/
Node Health Report

Node Health Report


Node Health Report

The Node Health report display health-related attributes for all selected nodes for a given period. Attributes displayed are: Status, Device, Availability, Interface Availability, %CPU, 95th% CPU, Max %CPU, CPU Exc., %Mem Free, 95th% Mem Used, Max %Mem Used, %Mem Util, %IO/VIR Mem Free, 95th% IO Mem Used, Max %IO Mem Used, %IO/VIR Mem Util. As of version 3.1.4 when this report is exported to XLSX and CSV formats the following columns of information are also displayed: Group, %IO Mem Free.

The report also includes two columns with the detected (abnormal) Conditions and the recommended Actions.

If you pass this report the option exceptions=true, then only nodes with exceptional conditions present are shown; the default is to show all nodes.

Below shows the outcome of a default Node Health Report or where exceptions=false. The full report can be viewed by downloading the ZIP file HERE

To create a Node Health Report showing exceptions only, click the box that the arrow points to in the image below.

A Node Health Report using the same devices where exceptions=true looks similar to the image below. The full report can be viewed by downloading the ZIP file HERE

The formulas used for calculation of the reporting conditions can be tuned and adjusted by the user:

The section opreport_rules (in conf/opCommon.nmis in opReports 3.x, or opReports.nmis in version 2.x) defines the threshold values for the following conditions:

Device Availability = Condition: "Device has LOW or VERY LOW availability"
Action: Investigate causes for low availability
Formula used for Calculation:

  • Very Low device availability less than 99.9
  • Low device availability less than 99.999

Interface Availability = Condition: "Device has LOW or VERY LOW interface availability"
Action: Investigate causes for low interface availability
Formula used for Calculation:

  • Very Low interface availability less than 80
  • Low interface availability less than 95

CPU Utilisation = Condition: "Device has VERY HIGH, HIGH or MODERATE CPU utilisation"
Action: Investigate causes for CPU utilisation
Formula used for Calculation:

  • Very High CPU utilisation: greater than 30%
  • High CPU utilisation: greater than 20%
  • Moderate CPU utilisation: greater than 12%

If the node has multiple CPUs then the utilisation measure is averaged over all CPUs.


CPU Exceptions
The count of times the CPU utilisation exceeded the "CPU Exception Threshold" of 20%. If the node has multiple CPUs then this is the sum of the exception counts of all CPUs.

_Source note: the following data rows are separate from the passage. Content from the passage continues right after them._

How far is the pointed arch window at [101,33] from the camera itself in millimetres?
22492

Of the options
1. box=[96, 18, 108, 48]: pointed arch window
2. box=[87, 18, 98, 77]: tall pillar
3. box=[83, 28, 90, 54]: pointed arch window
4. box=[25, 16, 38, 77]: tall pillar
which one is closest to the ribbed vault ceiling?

Memory Utilisation = Condition: "Device has VERY LOW or LOW main memory free"
Action: Investigate causes for free low main memory
Formula used for Calculation:

  • Very Low free main memory less than 10
  • Low free main memory less than 25

IO or Virtual Memory Utilisation = Condition: "Device has VERY LOW or LOW IO or Virtual memory free"
Action: Investigate causes for low free IO or Virtual memory
Formula used for Calculation:

  • Very Low free main memory less than 10
  • Low free main memory less than 25


opReports 3.5.1 and newer include improvements to memory related fields in the Node Health Report

/path/to/omk/conf/opCommon.json has a new setting with default being /opreports/on_invalid_hrcachemem_use_only_hrmem=0.

  • With /path/to/omk/conf/opCommon.json set at opreports/opreports/on_invalid_hrcachemem_use_only_hrmem=1,
    opReports attempts to detect situations where invalid hrCacheMemUsed and hrCacheMemSize
    values are being reported that would cause the memory related fields in the Node Health Report to return as negative values.
    • In such a case (detect memory related fields in the Node Health Report would negative values),
      hrCacheMemUsed and hrCacheMemSize will not be used in the calculation of memory related fields
      and a suitable entry to this effect will be logged in opReports.log.
    • This issue has been detected in docker instances where hrCacheMemUsed and hrCacheMemSize values
      were that of the docker host and not that of the docker instance itself.
  • With /path/to/omk/conf/opCommon.json set at opreports/opreports/on_invalid_hrcachemem_use_only_hrmem=0:
    • In such a case (detect memory related fields in the Node Health Report would negative values),
      affected memory related fields will return N/A and a suitable entry to this effect will be logged in opReports.log.